Monitoring and Evaluation

WandB Dashboard: If you're using WandB, monitor your training progress in real-time on your WandB project dashboard.
Hugging Face Hub: Once the training is complete, your fine-tuned model will be automatically pushed to your Hugging Face Hub profile under the repository name specified in the script (repo_name).

Using Your Fine-tuned Model

You can then use your fine-tuned model for various downstream tasks using the Hugging Face Transformers library:

from transformers import AutoModelForMaskedLM, AutoTokenizer

model_name = "your_username/modernbert-base-dutch"  # Replace with your model name (e.g., your username and the repo name)
tokenizer = AutoTokenizer.from_pretrained(model_name)
model = AutoModelForMaskedLM.from_pretrained(model_name)

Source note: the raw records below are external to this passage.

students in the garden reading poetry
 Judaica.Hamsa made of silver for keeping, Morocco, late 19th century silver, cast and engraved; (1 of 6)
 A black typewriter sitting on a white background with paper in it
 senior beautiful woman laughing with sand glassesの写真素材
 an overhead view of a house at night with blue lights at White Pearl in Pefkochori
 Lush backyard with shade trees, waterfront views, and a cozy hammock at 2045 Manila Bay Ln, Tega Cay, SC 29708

# Use the model for inference, e.g., filling in masked tokens
inputs = tokenizer("Het weer is vandaag [MASK].", return_tensors="pt")
outputs = model(**inputs)
# ... process the outputs ...

Tips and Considerations

GPU Memory: ModernBERT is a large model. Adjust chunk_size, per_device_train_batch_size, and gradient_accumulation_steps to fit your GPU's memory.
Dataset Size: The script is designed for large, streaming datasets. Adjust estimated_dataset_size_in_rows if you're using a smaller dataset.
Hyperparameter Tuning: Experiment with different hyperparameters (learning rate, masking probabilities, etc.) to find the best settings for your task.
Evaluation: The script performs periodic evaluations. You can customize the evaluation frequency using eval_interval.
Saving: The script automatically saves intermediate and final models to the Hugging Face Hub. You can adjust the saving frequency using save_interval.

Troubleshooting

CUDA Errors: If you encounter CUDA errors, reduce per_device_train_batch_size, chunk_size, or increase gradient_accumulation_steps.
Shape Errors: The StableDataCollator is designed to handle most shape-related issues. If you encounter any, ensure your dataset is properly formatted and that you're using the latest version of the transformers library.

This guide provides a comprehensive overview of how to use the provided code to fine-tune ModernBERT. Remember to adapt the instructions and parameters to your specific needs and dataset. Good luck!